Com o tempo, os pratos começaram a chegar: pão de entrada, salada de verduras, um generoso bife chiando, almôndegas, costeletas, cheesecake de amora...

“Uau, que banquete”, disse uma voz familiar no ambiente ligeiramente ruidoso.

O Velho Tang largou o celular e olhou para o jovem de ascendência asiática que se aproximava.

Rosto bonito, traços bem definidos, quase um metro e oitenta de altura, camiseta branca e jeans, tipicamente um universitário.

“É mesmo igual à foto?”, comentou o Velho Tang, arqueando as sobrancelhas, encarando Lu Mingfei que se sentava.

“Você também, está bem mais bonito que na foto do documento”, retrucou Lu Mingfei, analisando o amigo e rindo.

“Aquela câmera que a imigração usa é pior que a do celular da minha avó. Até uma deusa sairia horrenda”, resmungou o Velho Tang, já pegando o talher. “Não sei se você está com fome, mas eu estou morrendo.”

“Isso que é falar o óbvio”, Lu Mingfei também pegou garfo e faca. “Quase vinte horas sem comer, estava só esperando essa refeição.”

Os dois jovens se olharam e não resistiram: riram alto, chamando a atenção de um garçom que pediu silêncio e de outros clientes que lançaram olhares curiosos.

“Você não vive economizando? Não está se esforçando só para fingir riqueza e me trazer num restaurante chique, né?”, questionou Lu Mingfei, depois de comer meio bife e três pãezinhos, a fome finalmente saciada.
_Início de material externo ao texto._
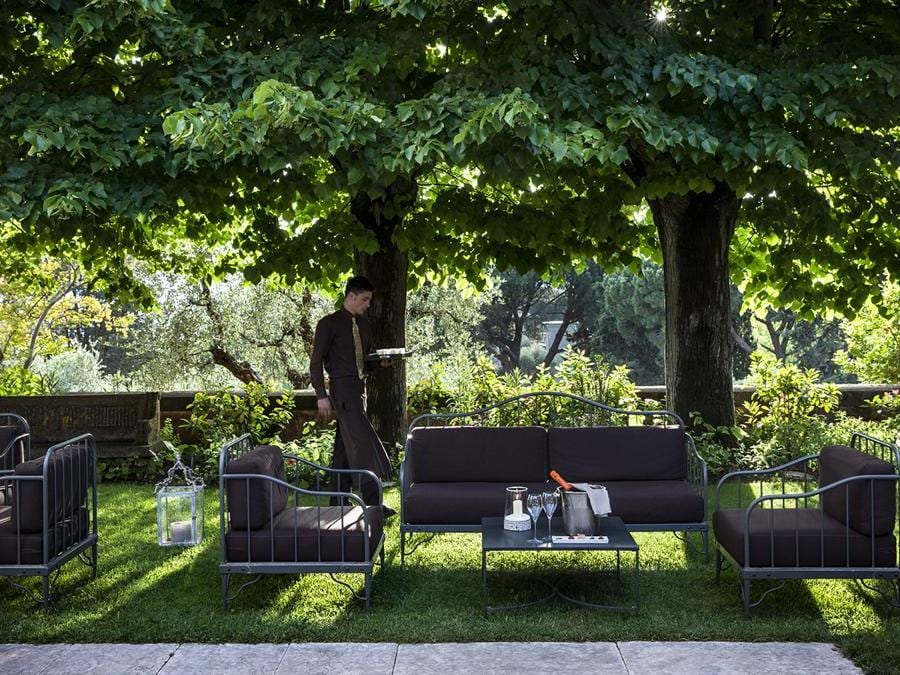 L'Andana è composta da due corpi principali, la Villa e la Fattoria, collegate tra loro da un luminoso Giardino d'Inverno, spazio accogliente e informale, realizzato in ferro e vetro, che ospita la reception e la lobby dell'hotel.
Observou a decoração do restaurante escolhido por Tang, depois voltou a fitá-lo. “Sinceramente, acho cachorro-quente com queijo ótimo, desde que possa comer à vontade.”

“Mingming, não me subestime. Aqui também pode comer à vontade. Você acha que fiquei mais de dez dias sumido por quê? Só para juntar dinheiro para esses dias”, respondeu o Velho Tang, revirando os olhos.

“Nem brinca, senão eu já fico meio sem graça de comer”, disse Lu Mingfei, olhando para o amigo.

“Relaxa. Se não der para encher a barriga aqui, vamos ao parque depois e comemos cachorro-quente até não aguentar mais. Dessa vez, você paga, pode ser?”, sugeriu Tang, sem insistir, sentindo-se aquecido pela preocupação do amigo.

“Fechado.” Lu Mingfei assentiu, cortou outro pedaço de bife e, depois de mastigar, sorriu para Tang: “Você está se saindo bem, hein? Nós dois cheios de segredos, mas em poucos dias conseguiu dinheiro para bancar esse restaurante. Está levando a vida numa boa.”

“Pois é”, riu Tang. “Afinal, sou o anfitrião. Quanto tempo vai ficar em Nova Iorque?”

“Uns dois, três dias. A academia é bem restrita, sair não é fácil”, respondeu Lu Mingfei, sorrindo. “Por quê, anfitrião tem algum plano?”

“Quer atirar?”, perguntou Tang, arqueando as sobrancelhas com um sorriso maroto e orgulhoso. “Tem coisa boa aqui que você nunca vai experimentar na China. Vou te levar para dar uns tiros, das relíquias da Primeira Guerra até armas automáticas modernas, consigo tudo.”

Lu Mingfei já tinha gastado milhares de balas no estande da Academia Kassel, mas, diante do entusiasmo de Tang, aceitou de bom grado.

“Topo, você organiza.”

“Estande oficial, munição barata...”

“Ei, Tang, espera um pouco.”

“Hã?” Ronald Tang parou de falar ao perceber que Lu Mingfei olhava para fora da janela. Seguindo o olhar do amigo, viu dois jovens, um negro e um branco, fumando sob o poste de luz.

“Você conhece aqueles dois?”, perguntou Lu Mingfei, voltando o olhar para Tang.

O amigo observou por alguns segundos, depois balançou a cabeça. “Não conheço. Por quê?”

“Estamos aqui comendo e eles estão ali parados há uns dez minutos, sem sair do lugar.”

Tang franziu a testa, mas logo relaxou. “Não se preocupe, é normal por aqui. Tem muito malandro nos Estados Unidos.”

Normal mesmo?

Lu Mingfei assentiu, mas olhou novamente.

Os dois jovens, um negro e um branco, se afastavam juntos.

Se ele percebeu que estava sendo observado, não era um olhar casual.